Tony Hayward, BP’s chief executive, told CNN on Friday morning: “We have some indications of partial bridging, which is good news.”
In the afternoon, Mr. Suttles gave a more cautious view. “We’re doing things that are very difficult to do,” he said. “Many of the things we have done have never been done before.”
But he said the effort would continue for “as long as necessary until we are successful or convinced it will not succeed.”
Meanwhile, anticipating that the top kill may not succeed, BP began preparations to try to place a second containment vessel over the leak. Mr. Suttles said BP was also preparing to replace the damaged blowout preventer.
In Grand Isle, La., President Obama promised to triple the federal personnel along the most threatened stretches of the coast.
“We’re in this together,” he said, gesturing to the three governors, two Louisiana senators, a congressman and other officials he had just met with for more than two hours.
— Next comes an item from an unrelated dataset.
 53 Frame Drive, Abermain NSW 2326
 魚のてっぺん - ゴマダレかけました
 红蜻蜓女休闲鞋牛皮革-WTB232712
They included several who, on national television in recent days, have been sharply critical of his administration’s response, including the Louisiana governor, Bobby Jindal, and Billy Nungesser, the president of Plaquemines Parish, one of the Louisiana areas most affected.
Afterward, in an interview, Mr. Nungesser said he “felt real bad” about his complaints and added: “The president is doing a good job. It was a good meeting.”
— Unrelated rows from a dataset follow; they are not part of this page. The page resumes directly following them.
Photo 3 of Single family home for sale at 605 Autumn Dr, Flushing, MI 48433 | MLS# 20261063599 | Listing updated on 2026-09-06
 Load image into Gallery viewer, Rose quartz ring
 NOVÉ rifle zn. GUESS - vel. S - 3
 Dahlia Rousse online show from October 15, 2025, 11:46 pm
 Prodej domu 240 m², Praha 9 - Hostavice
After the meeting at a Coast Guard station here overlooking calm and seemingly clean waters, with dolphins and shrimp boats on the horizon, Mr. Obama said the secretary of energy, Steven Chu, and a team of “the world’s top scientists” had been working with BP on additional options if the top kill effort fails.
Even if the leak is stopped, “we face a long-term recovery and restoration effort,” Mr. Obama added. “America has never experienced an event like this before,” he said.
Such sentiment plainly was aimed at answering “the anger and frustration” that Mr. Obama acknowledged many residents and political leaders here are feeling, and at blunting charges that his administration had abandoned them as the Bush administration was accused of doing after Hurricane Katrina in 2005.
“I ultimately take responsibility for solving this crisis. I’m the president, and the buck stops with me,” Mr. Obama said.
For the president, who has been on the defensive about his and his administration’s role in trying to stop the spill and prevent oil from reaching the coasts, Friday’s trip was his second since the explosion of BP’s Deepwater Horizon rig on April 20.
Before the meeting, he inspected a beach in adjoining Lafourche Parish that was lined with coin-size tar balls attributed to oil from the BP leak.
Friday was to have been the first full day of a Memorial Day vacation for Mr. Obama with his family at their home in Chicago, their first there in more than a year. But he left Chicago in the morning and flew to New Orleans, where he was met by Admiral Allen, his national incident commander for the spill response.
They boarded the Marine One helicopter for Port Fourchon, a community of oil workers, and nearby Fourchon Beach, where tar balls were washed up against absorbent booms.
At one point during the day, as Mr. Obama’s motorcade entered and exited a Coast Guard station, a man held up a homemade sign reading in black ink, “Clean Up the Gulf,” with the words drawn as if dripping black oil.